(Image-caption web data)

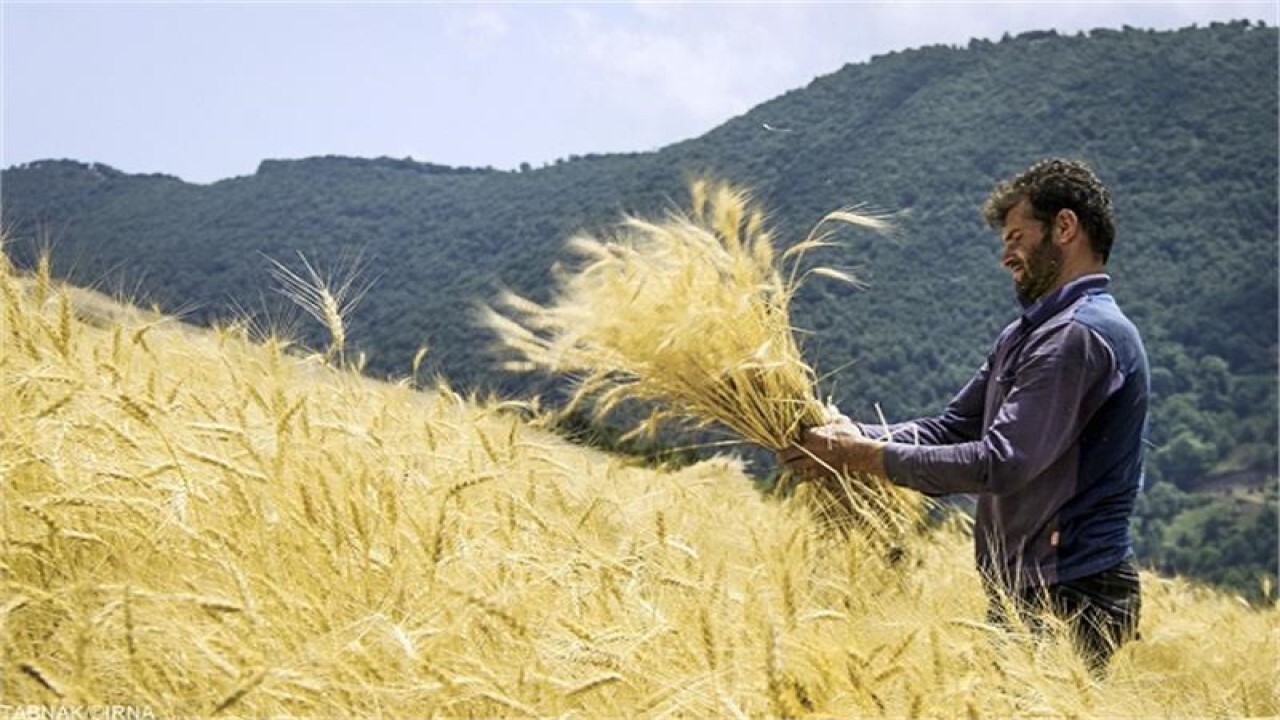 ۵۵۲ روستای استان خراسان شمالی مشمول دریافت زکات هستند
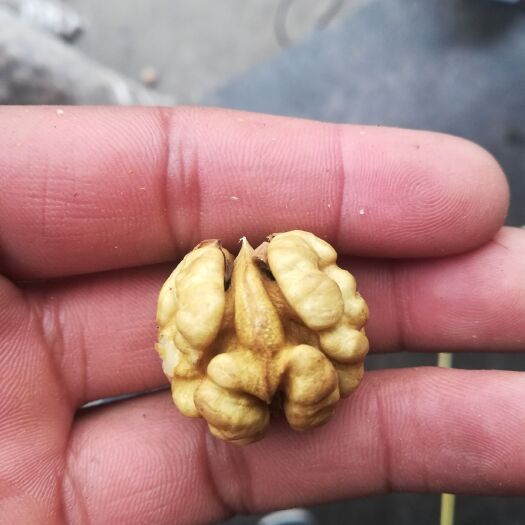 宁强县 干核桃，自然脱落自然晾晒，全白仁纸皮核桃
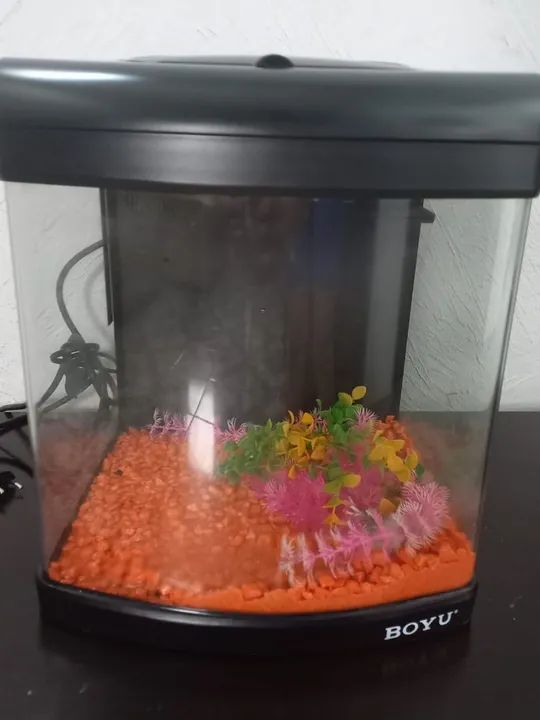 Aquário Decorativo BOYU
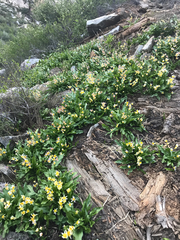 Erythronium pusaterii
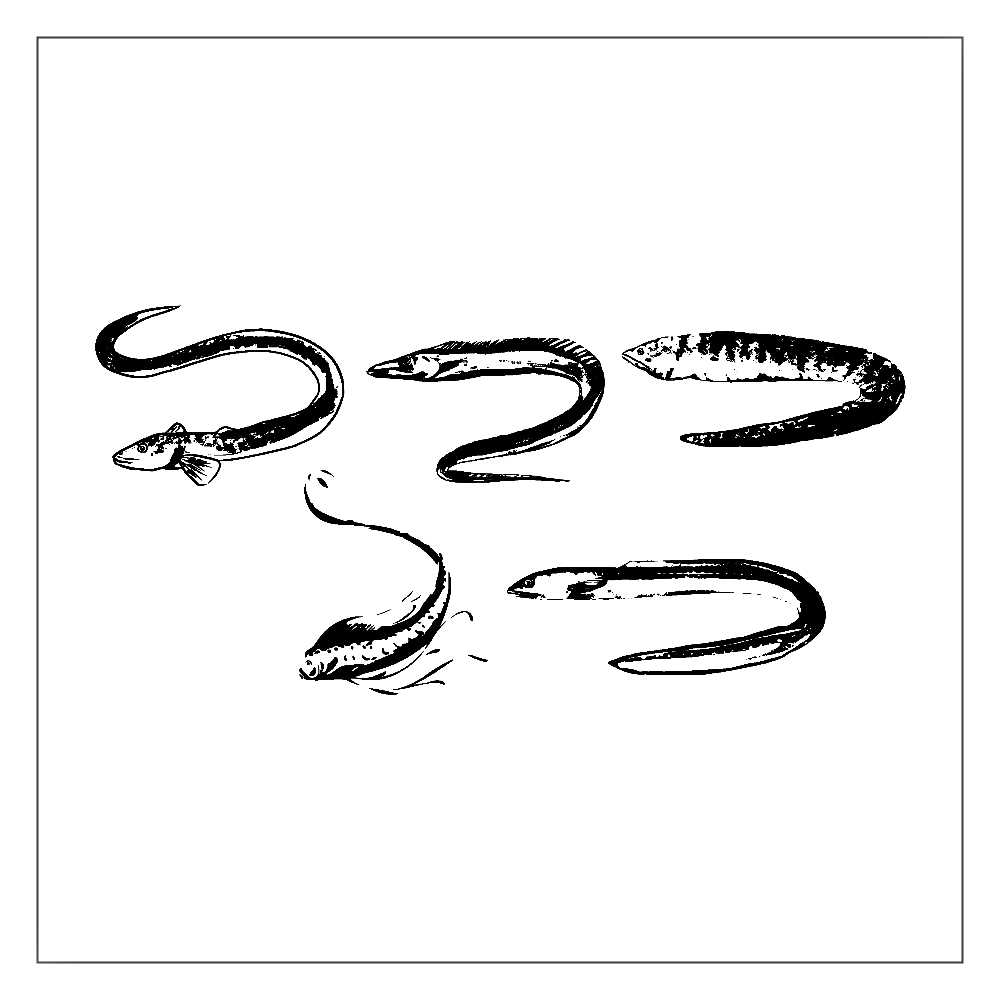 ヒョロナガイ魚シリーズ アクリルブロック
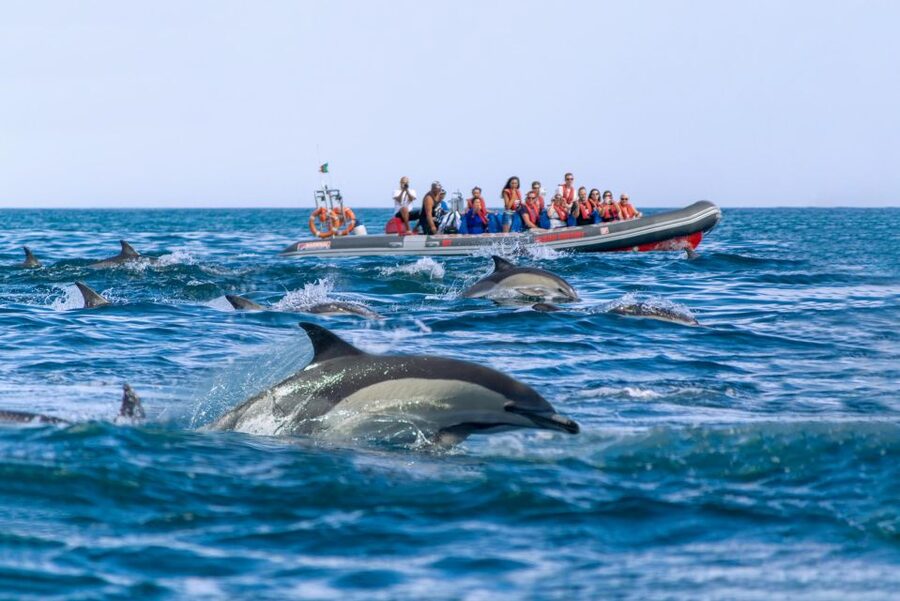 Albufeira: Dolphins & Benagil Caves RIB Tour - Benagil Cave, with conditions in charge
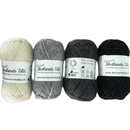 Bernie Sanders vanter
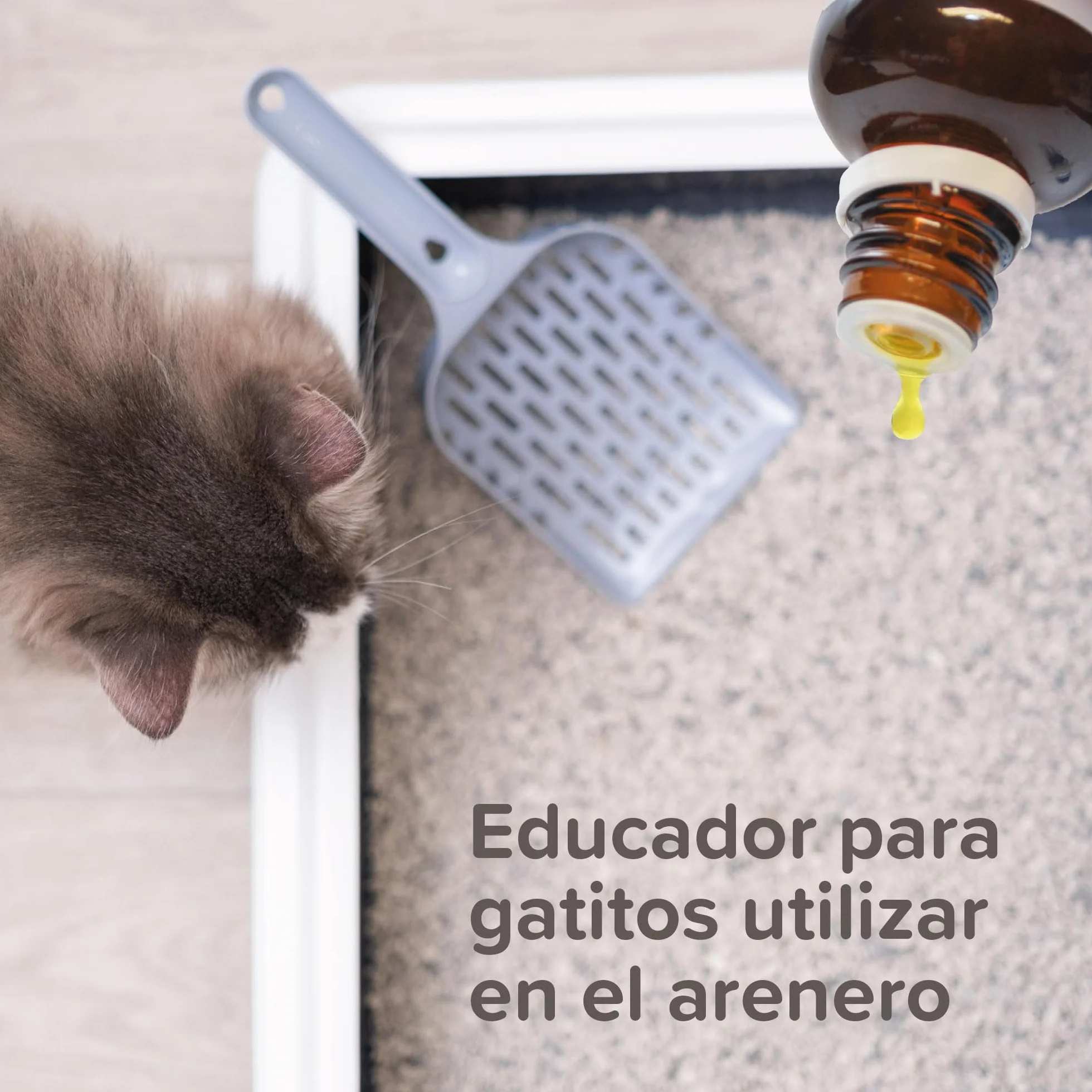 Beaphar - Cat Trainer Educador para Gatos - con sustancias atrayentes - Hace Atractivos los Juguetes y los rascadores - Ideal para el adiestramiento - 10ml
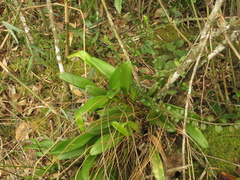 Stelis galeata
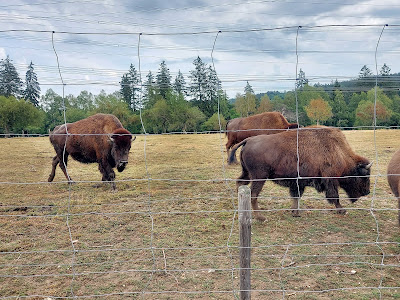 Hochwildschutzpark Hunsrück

[BRIEF]: Return all of the entries word for word, but omit the pictures.

[THE ANSWER]:
 ۵۵۲ روستای استان خراسان شمالی مشمول دریافت زکات هستند
 宁强县 干核桃，自然脱落自然晾晒，全白仁纸皮核桃
 Aquário Decorativo BOYU
 Erythronium pusaterii
 ヒョロナガイ魚シリーズ アクリルブロック
 Albufeira: Dolphins & Benagil Caves RIB Tour - Benagil Cave, with conditions in charge
 Bernie Sanders vanter
 Beaphar - Cat Trainer Educador para Gatos - con sustancias atrayentes - Hace Atractivos los Juguetes y los rascadores - Ideal para el adiestramiento - 10ml
 Stelis galeata
 Hochwildschutzpark Hunsrück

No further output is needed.